When we hear about AI, it is usually characterised as a faceless, mysterious, all-powerful entity that is going to steal all our jobs/create a utopia/render us disposable and perhaps kill us all. Really, AI is already here and changing our world. This book is a short and sweet guide to what AI is, how it works, what it can do and – importantly – what it cannot do.

Janelle Shane is a scientist and AI researcher known for her blog ‘AI Weirdness’, which mostly features her projects teaching AIs to do pseudo-creative work (such as naming guinea pigs, creating recipes, or writing Harry Potter fanfiction), with surreal and almost Pythonesque results.

‘You Look Like a Thing and I Love You: How Artificial Intelligence Works and Why It's Making the World a Weirder Place’ (Voracious, £20, ISBN 9781472270405), which is named after a chat-up line suggested by an AI, continues in the spirit of her blog. Shane explains complex concepts with humour, memorable examples, and just the right amount of detail such that you put down the book feeling as though you really get it. This book explains from basic principles how the AIs you may have heard of work, such as how Google’s Deep Dream program transforms images into psychedelic works of art.

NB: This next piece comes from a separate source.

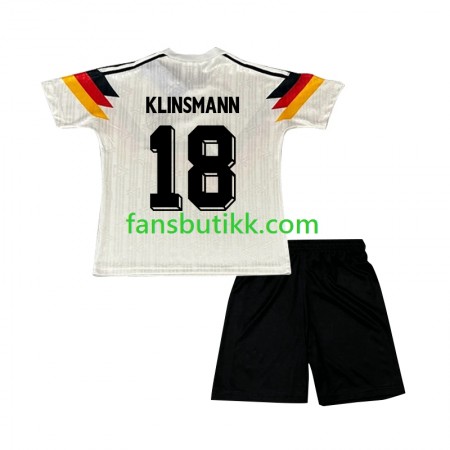 Fotballdrakt Tyskland Klinsmann 18 Barn Retro Hjemmetrøye 1990 Kortermet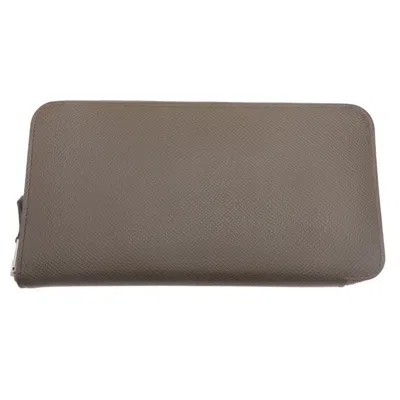 Pre-owned Hermes Etain Epsom Leather Long Wallet (bi-fold) () In Gray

Much of the book is dedicated to the problems associated with AI’s expanding presence in our lives, particularly due to its replication of human bias. AIs simply makes predictions based on past (often biased) behaviour. An AI used to recommend which prisoners should be paroled copied racist behaviours from training, while an AI being trained to select promising job applications found new and creative ways to be sexist, despite persistent efforts to hide all indications of gender; pretending that AI is the perfect impartial decision-maker is an example of “bias laundering”.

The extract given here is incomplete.